Friday was the 40th anniversary of the death of Robert F. Kennedy. Had he lived, he would be 82 now.
It’s impossible to gauge the what-ifs of history. But nevertheless, I wonder what Kennedy, a complicated man with a profound sense of the moral issues at play in politics, would have made of the idea that Barack Obama has captured the Democratic Party’s nomination for president.
He might not have been surprised. Kennedy had been accused of dreaming when he said in the early 1960s that a black person could get elected president in the next 40 years.
The fact that even a dreamer could imagine nothing shorter than a 40-year timeline gives us a glimpse of the nightmarish depths of racial oppression that people of goodwill have had to fight.
The United States in 1968 (the same year in which the Rev. Dr. Martin Luther King Jr. was assassinated) was a stunningly different place from the country we know now, so different that most of today’s young people would have trouble imagining it. The notion in ’68 that a black person — or a woman — might have a serious shot at the presidency would have been widely viewed as lunacy.
Thurston Clarke, in his new book about R.F.K., “The Last Campaign,” tells of the time that Kennedy was touring a Ford plant in Indiana. A white assembly-line worker refused to shake the presidential candidate’s hand, telling Kennedy, “Get your [expletive] nigger-loving presence out of here.”
George Wallace also ran for president in ’68. He was famous for “standing in the schoolhouse door” to block the court-ordered admission of black students to the University of Alabama. Wallace’s views on racial matters were unequivocal. His mantra was: “Segregation now! Segregation tomorrow! Segregation forever!”
The winner of the election was Richard Nixon, riding the G.O.P.’s soon-to-be infamous, racially polarizing and remarkably successful Southern strategy.
A black man president? You must be joking.
Women in 1968 were mired in depths of misogyny that were as soul-destroying as racism. Discrimination on the basis of gender was so pervasive as to barely attract notice. Many retail stores refused to issue credit cards to married women in their own names. Employers could fire women with virtual impunity if they got married or pregnant or weren’t attractive enough or turned 30.
According to the National Organization for Women, in a statement of purpose issued in 1966, fewer than 1 percent of all federal judges were women, fewer than 4 percent of all lawyers, and fewer than 7 percent of doctors.
Racism and sexism have not taken their leave. But the fact that Barack Obama is the presumptive nominee of the Democratic Party, and that the two finalists for that prize were a black man and a white woman, are historical events of the highest importance. We should not allow ourselves to overlook the wonder of this moment.
I was stopped on the street the other day by a woman who was holding the hand of a little girl, a toddler. After talking politics for a couple of minutes, the woman smiled and said: “Watch this.” She then looked at her daughter and, referring to a certain presidential candidate, asked: “What’s her name?”
The little girl beamed and said: “Hil-la-ry!”
That same night a middle-aged black man came to my apartment door with a food delivery.

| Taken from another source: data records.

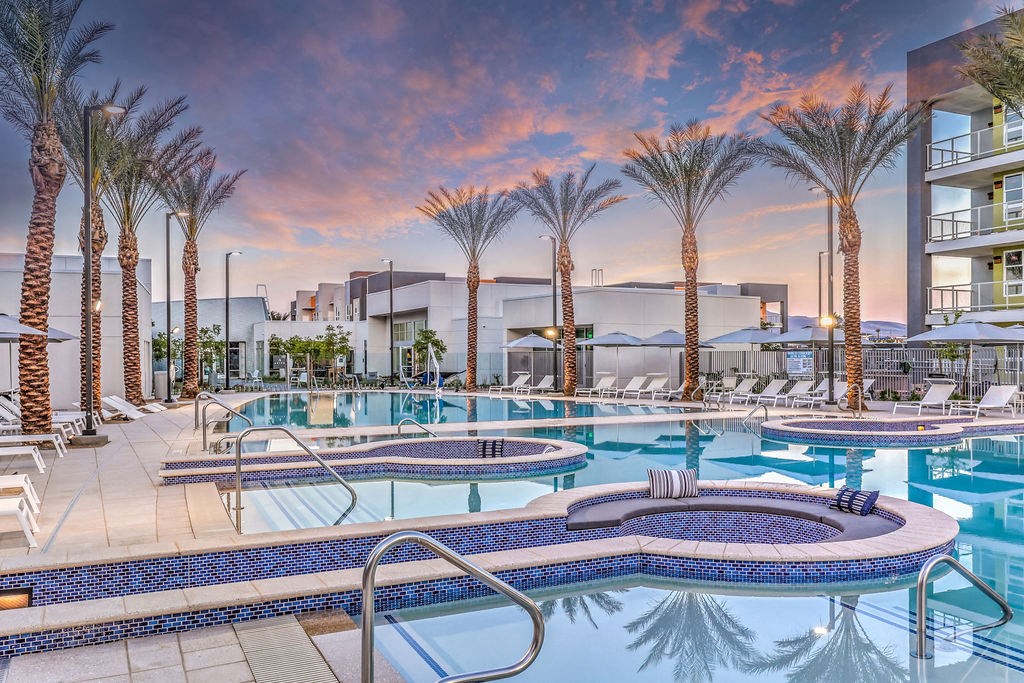 a resort style pool with chaise lounge chairs and palm trees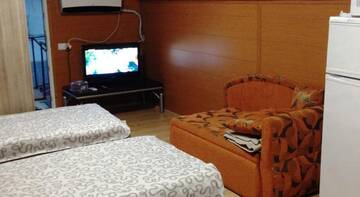 Фото номера Четырехместный номер Гостевой дом Guesthouse-apartment Dzhigitskaya г. Сочи 5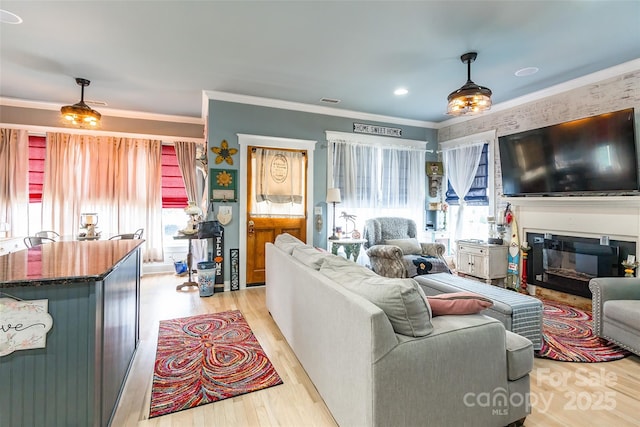 living room with healthy amount of natural light, light wood-style flooring, and ornamental molding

I’d seen him before, but he’d never said much, just sort of grunted a hello and a thank you. This time, after handing me the package and counting out change, he asked, shyly: “Did Mr. Obama win the nomination?”
“Yes,” I said. “He won.”
I said yes, and suddenly the widest grin spread across the delivery man’s face. It was as though he’d been holding that grin in some hidden depth of emotional reserve for the entire campaign.
This election year has been a testament to the many long decades of work and sacrifice by men and women — some famous, most not; some still alive, many gone — to build a more equitable and just American society.
When the night riders were fitted for their robes, when Wallace stood in the schoolhouse door, when lowlifes mocked and humiliated those who were fighting for women’s rights, they were trying to forestall the realization of this type of moment in history.
We’ll see whether Senator Obama gets elected president. But whether he does or not, this is a moment of which Americans can be proud, a moment the society can build upon.
So a victory lap is in order. Not for Senator Obama (he still has a way to go), but for all those in every station in life who ever refused to submit quietly to hatred and oppression. They led us to a better place.